Others will be quieter or seemingly unnoticed—like helping with kids ministry or running sound in the back of the church building.
But all of us are necessary for the whole body to function.
Body Disorders
Body Disorders
Just like how our physical bodies can get sick or injured, the church body can also get sick or hurt.
Paul mentions 2 ways this can happen.
The first is “feeling useless or unimportant
15 If the foot should say, “Because I’m not a hand, I don’t belong to the body,” it is not for that reason any less a part of the body. 16 And if the ear should say, “Because I’m not an eye, I don’t belong to the body,” it is not for that reason any less a part of the body. 17 If the whole body were an eye, where would the hearing be? If the whole body were an ear, where would the sense of smell be? 18 But as it is, God has arranged each one of the parts in the body just as he wanted.
It is common for people to feel like they have nothing to contribute because there particular gifts, talent, interests, or personality just doesn’t stand out like someone else’s.
You might feel that at school, on a team, at home, or in church.
But Paul is saying EVERYONE MATTERS.
Regardless of what area we are talking about, you play an important role even if you are the upfront person.
We all have value and purpose, so don’t lose sight of that and down let that discourage you from getting involved.
We also have the tendency to think of certain roles as not that important.
I would imagine on a baseball team, if you play right field for a whole game and never get a ball hit to you, it might feel like you were unnecessary, but that would be wrong.
In church, it might seem like someone greeting in the parking lot wouldn’t be all that important, but studies show the sooner someone feels welcomed at church, the more likely they are to come again.
Everyone matters and every role matters.
The Second disorder is “the feeling of self sufficiency”:
19 And if they were all the same part, where would the body be? 20 As it is, there are many parts, but one body. 21 The eye cannot say to the hand, “I don’t need you!” Or again, the head can’t say to the feet, “I don’t need you!” 22 On the contrary, those parts of the body that are weaker are indispensable. 23 And those parts of the body that we consider less honorable, we clothe these with greater honor, and our unrespectable parts are treated with greater respect, 24 which our respectable parts do not need.
Instead, God has put the body together, giving greater honor to the less honorable, 25 so that there would be no division in the body, but that the members would have the same concern for each other. 26 So if one member suffers, all the members suffer with it; if one member is honored, all the members rejoice with it.
What we are doing here matters.

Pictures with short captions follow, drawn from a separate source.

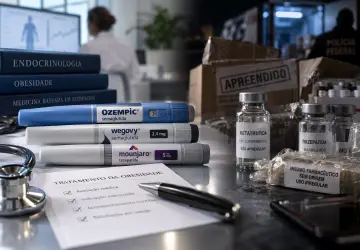 Os casos envolvem pessoas que utilizavam medicamentos da classe dos agonistas de GLP-1.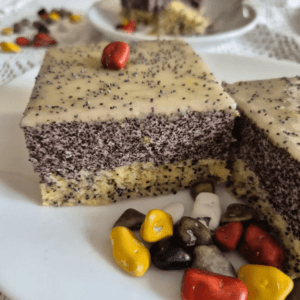 Recept za Starinske mak kocke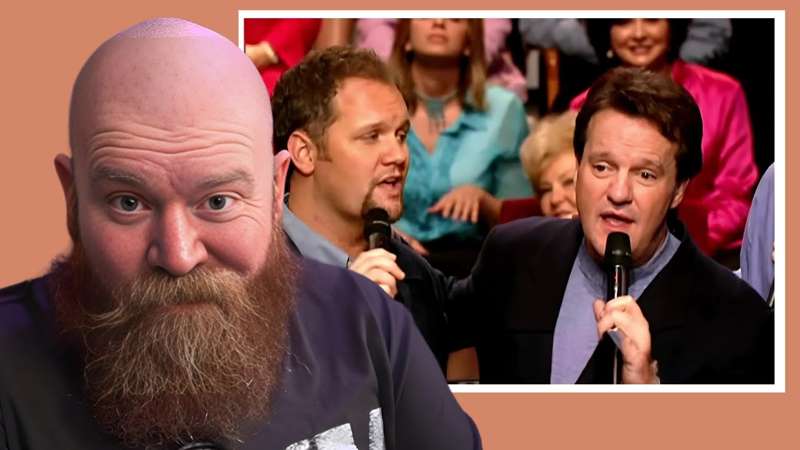 Gaither Vocal Band Passin' The Faith Along Reaction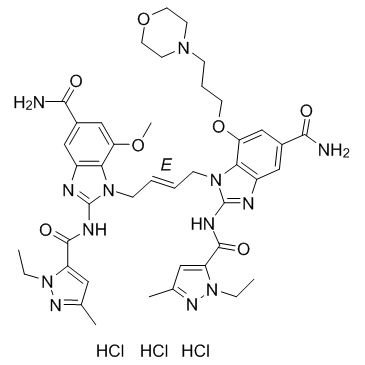 STING agonist-1（compound 3）trihydrochloride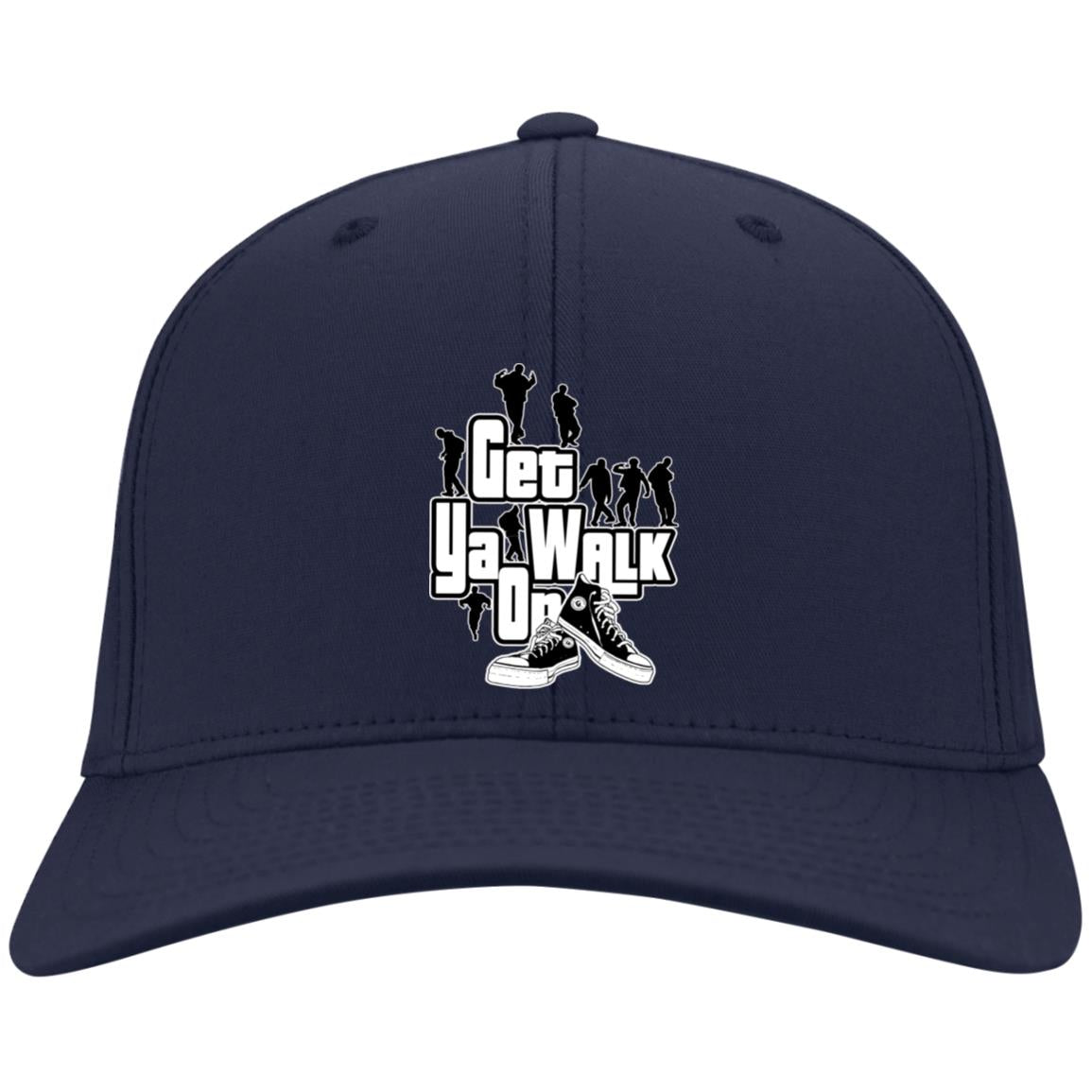 GET YA WALK ON Flex Fit Twill Baseball Cap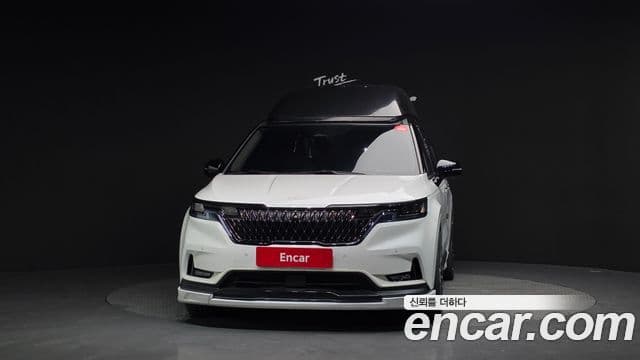Kia Carnival 4세대 бензин 9인승 High Limousine(компания по спецнадстройкам), 2021 3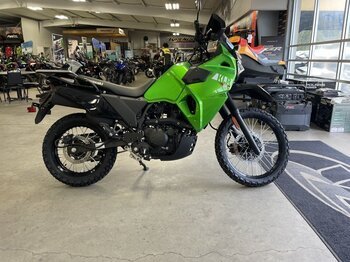 New 2023 Kawasaki KLR650 Adventure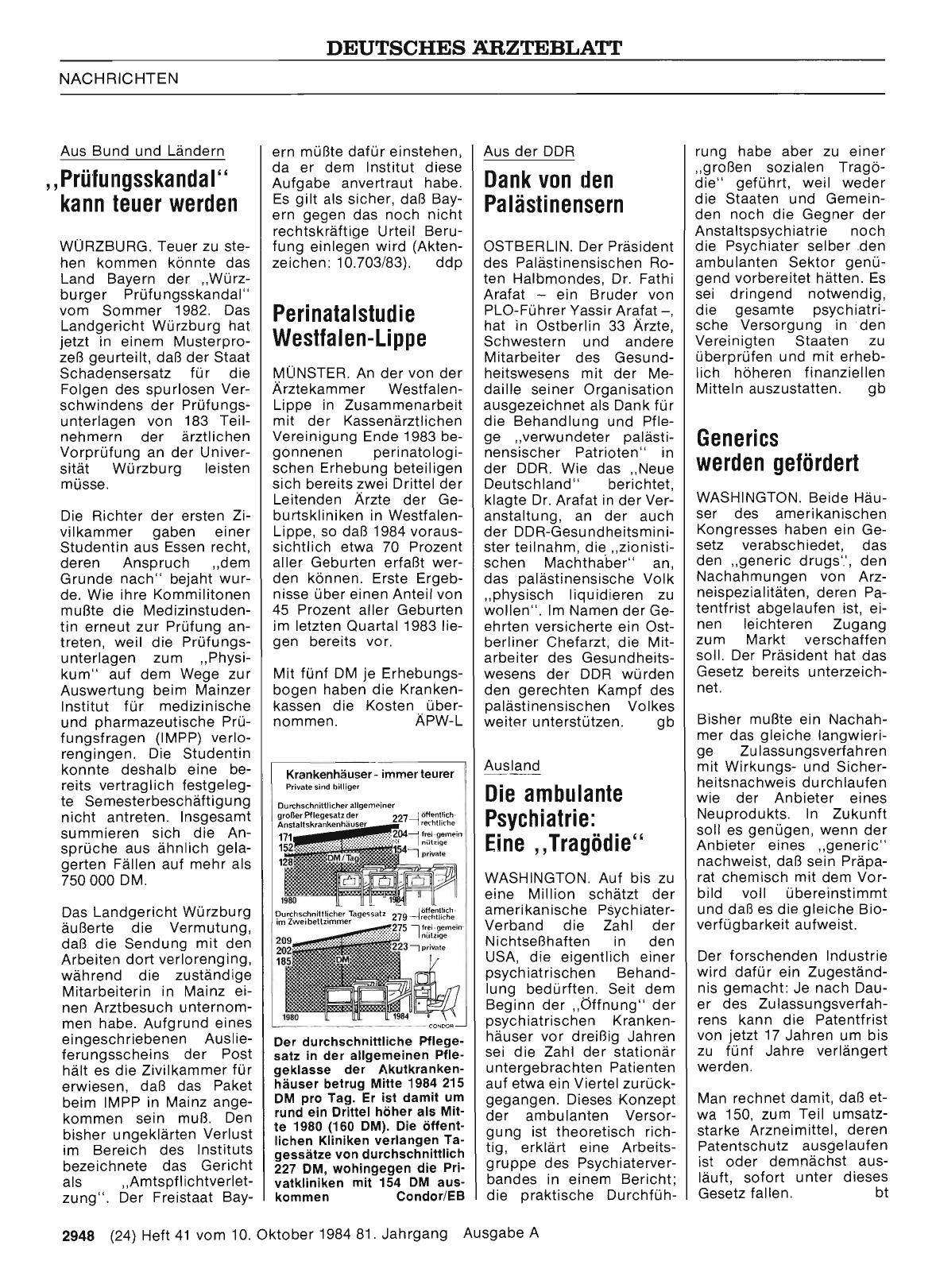 Vorschauseite 1: Krankenhäuser - immer teurer: Private sind billiger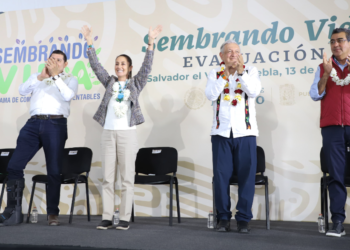 Con Sembrando Vida se siembra patria: Claudia Sheinbaum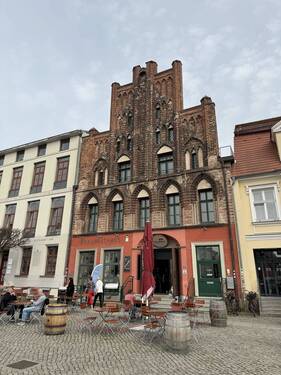 Ansicht - 8 Zimmer Büro zur Miete in Greifswald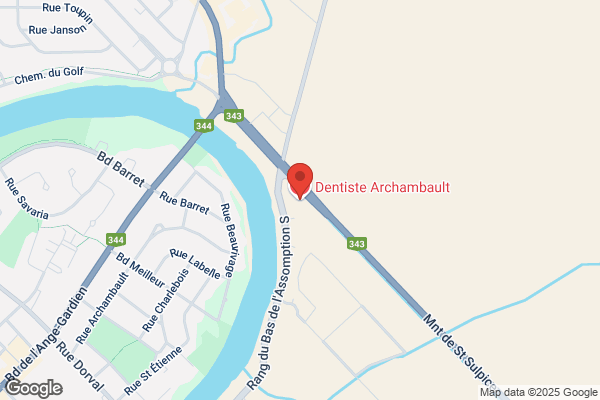 Archambault Sonia Dr Dentiste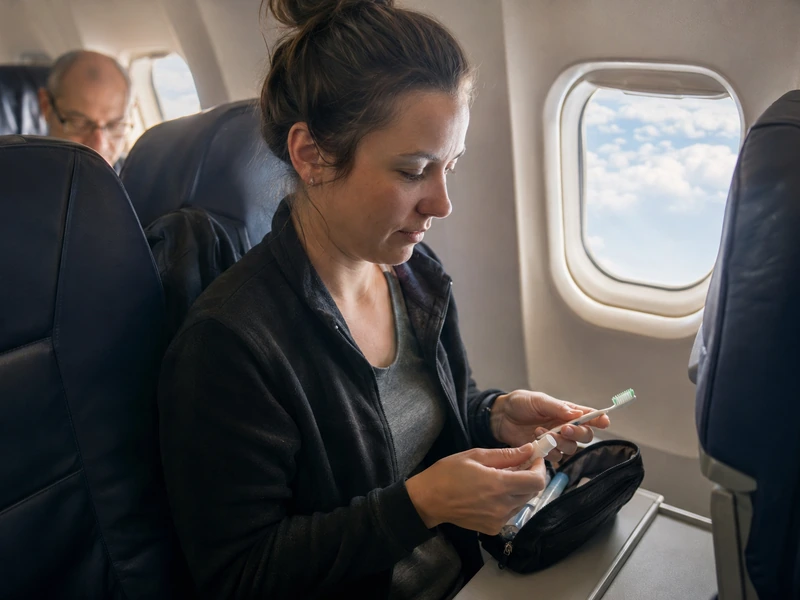 How Flying Affects Your Oral Health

What we do on Sundays matters. It matters to our growth as Christians that we are serving, using our gifts, and connecting with one another.
Paul paints a ridiculous picture of a disembodied eye or a decapitated head saying to the rest of the body “I don’t need you.”
It is ridiculous because those things cannot exist without one another.
They are codependent.
This is a great analogy because it is how we function as well.
We need one another and when we try to live our lives as if we don’t need anyone else, we become pretty miserable people.
One of the most effective ways to overcome depression, addiction, or many other struggles we deal with is by serving others and being in community with others.
Individuality is celebrated in our culture. The idea that I can take care of myself and don’t need anyone.
But it is a misconception. We are dependent on others regardless of how individual we might feel.
And when we are only focused on ourselves, we become really miserable people.
God put the body together so that we could have unity and the we would be able to help one another in our trials and celebrate with one another in our successes.
This is what it means to be a part of God’s Church.
So lean in to relationships, find a place to serve, and fight against those aliments/disorders.